Les longues heures supplémentaires, pas toujours rémunérées, les menaces d’être renvoyé à la maison si la productivité n’est pas assez bonne, la vie confinée au lieu de travail sont venues à bout de l’homme de 45 ans. Il a rencontré le collectif Justice pour les travailleurs migrants et milite avec eux, tout en espérant que sa demande de résidence permanente pour motifs humanitaires (il a tout perdu dans un ouragan en 2010) sera acceptée.
Prendre le porte-voix
L’idée de cette caravane rurale qui ira jusqu’à Toronto, puis à Ottawa, est de distribuer de l’information au grand public et aux travailleurs eux-mêmes, et de « construire des solidarités ». « C’est une occasion pour faire savoir aux Canadiens que ça existe dans leur société », espère M. Allahuda.
Son collègue Alberto Moreno Fartorius veut croire lui aussi à une absence de sensibilisation pour expliquer les manquements aux normes du travail et aux droits fondamentaux, largement documentés.

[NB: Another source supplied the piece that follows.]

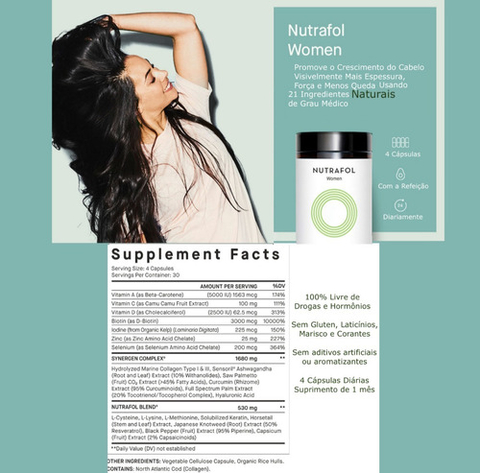 Nutrafol Women Suplemento Capilar | Clinicamente comprovado | 100% Natural | Mulheres de Todas as Idades(+18 anos) e Estágios | 120 Cápsulas | Tratamento de 1 Mês na internet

Venu du Mexique sous le PTET avec un rare contrat de deux ans en poche, il a subi des blessures à l’acide en nettoyant les serres de son employeur. « La bonbonne contenant le liquide industriel était percée. La journée même, le superviseur ne m’a pas cru. Le lendemain, j’ai montré mes espadrilles en train de se défaire et ma peau, rouge, qui brûlait », relate-t-il.
Après avoir réussi à obtenir des traitements, il s’est plaint au ministère du Travail de l’Ontario, qui a forcé la ferme à payer une amende. Cette démarche marqua le début du harcèlement psychologique au travail : « Le superviseur venait me dire de me dépêcher à chaque heure, il se moquait de moi, m’attribuait les tâches les plus dures. » Son permis de travail au Canada étant « fermé », il ne pouvait travailler que pour ce seul employeur.

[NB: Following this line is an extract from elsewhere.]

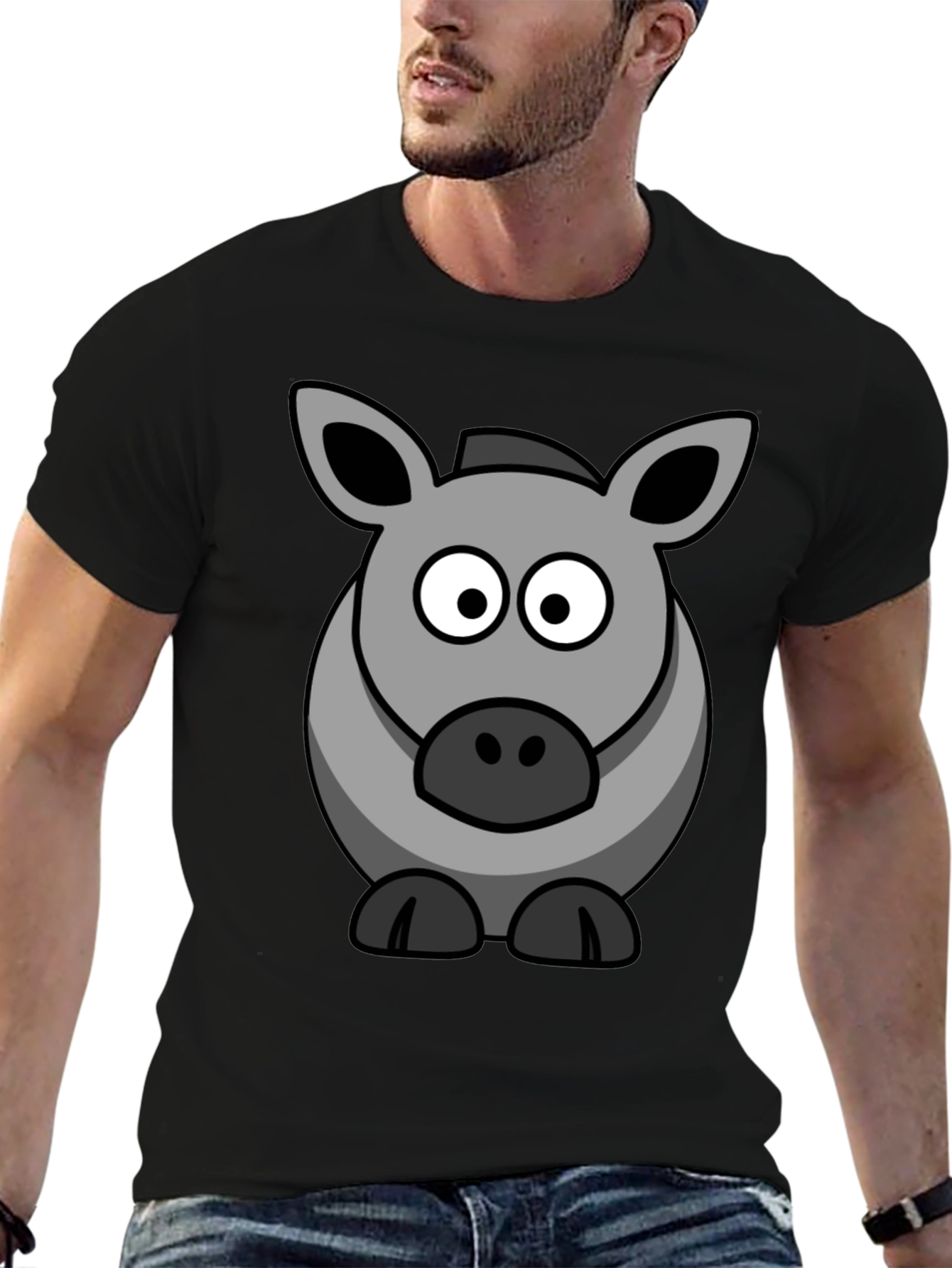 Cartoon Donkey Graphic Tee - Black Cotton Casual Shirt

Un matin, celui-ci le convoque pour le renvoyer, sous prétexte qu’il se chamaille avec ses collègues. « J’ai pris une vidéo de tous mes compagnons, toutes les preuves que je pouvais et je me suis enfui de l’aéroport pour obtenir justice », se souvient M. Moreno Fartorius. Il a gagné sa cause, mais sans retrouver d’emploi. « Le plus triste, c’est les travailleurs retournés chez eux après des accidents, sans avoir pu même repayer leur investissement [billets d’avion, visa, agence de recrutement]. »
« Muselés » par la peur
Cette crainte d’être renvoyé ou de ne pas être rappelé l’année suivante « muselle » les travailleurs, explique M. Allahuda. La dépendance à ce revenu et à un seul employeur est un puissant dissuasif à prendre la parole, croit aussi Marie-Jeanne Vandoorne, coordonnatrice pour le Québec de l’Alliance des travailleurs agricoles (ATA).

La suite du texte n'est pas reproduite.